Information on dietary intake data, anthropometric measurements and detailed individual, household and community sociodemograpic data was collected by trained interviewers at each home visit spanning 3 days21. The sample analyzed in this study includes children aged 2-12 from 2009 (n=1,191) and 2011 (n=1,648) with available anthropometric data. Since the CHNS is a longitudinal cohort, some children from the sample of 2009 were assessed again in 2011. For the purpose of our analyses, we treated each year as cross-sectional. Survey instruments, protocols and informed consents were approved by the institutional review committee of the University of North Carolina at Chapel Hill, the National Institute for Nutrition and Health Food Safety, the Chinese Center for Disease Control and Prevention, and the China-Japan Friendship Hospital, Ministry of Health.

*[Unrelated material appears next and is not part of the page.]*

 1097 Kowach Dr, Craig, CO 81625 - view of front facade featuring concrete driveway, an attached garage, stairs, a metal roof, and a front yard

Anthropometric measurements
Height was measured in bare-footed individuals to the nearest 0.2 cm using a portable Seca stadiometer (Seca North America, Chino, CA, USA). Weight was measured in light clothing and without shoes to the nearest 0.1 kg using a calibrated beam scale and waist circumference (WC) was measured using a Seca tape measure.
Classification of children based on their anthropometric measurements was determined based on the WHO growth standards for 0-5-y-olds and the WHO growth reference for 5-19-yolds23-25. Stunting was defined as <2SD of height-for-age z-scores. Underweight, normal weight, overweight and obesity were classified using the International Obesity Task Force international BMI cut points by age and gender 26, with cut-points that correspond to an adult BMI of 18.5 (underweight), 25 (overweight) and 30 (obesity).

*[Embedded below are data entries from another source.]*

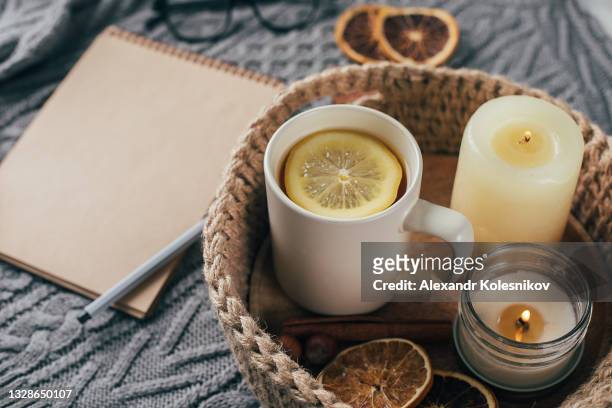 cup of tea with lemon in jute knitted baskets, candles, dry orange and empty notebook for text. hygge concept. cozy mood christmas. - gift hamper imagens e fotografias de stock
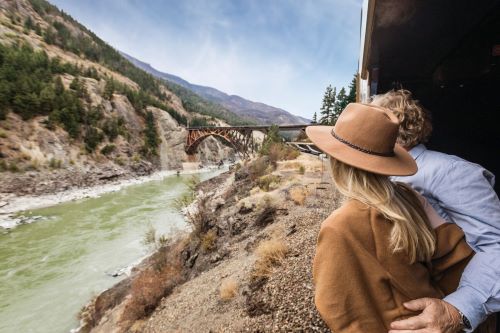 A couple aboard the Rocky Mountaineer train is looking outside from the train's viewing platform and taking in the view of the mountains and river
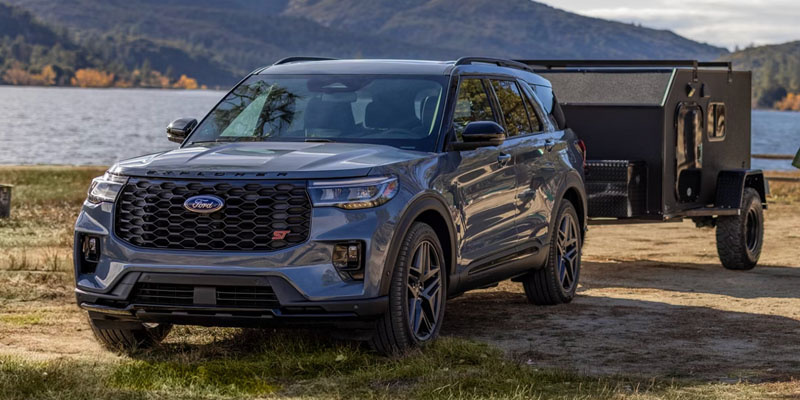Blue Ford Explorer SUV parked near a lake, towing a black trailer, with trees and hills in the background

Dietary intake measurements
For each individual, dietary intake was collected by trained interviewers using 3 consecutive 24-h recalls. Supplemental information was supplied by a daily household food inventory and by meeting with the household member that handled the food preparation to learn the exact details of each dish so recipes were individualized27, 28. In addition, trained interviewers used food models and pictures to record the type of food, amount, meal-time and place of consumption of all foods consumed on the previous day. All food consumed at home or away from home was reported by children ≥12 y. For children <12y of age, the mother or child's caregiver who handled food preparation at home or feeding outside the home was used as a proxy for the child's food consumption8. The present analysis used the 3-day averages of energy and nutrient intakes.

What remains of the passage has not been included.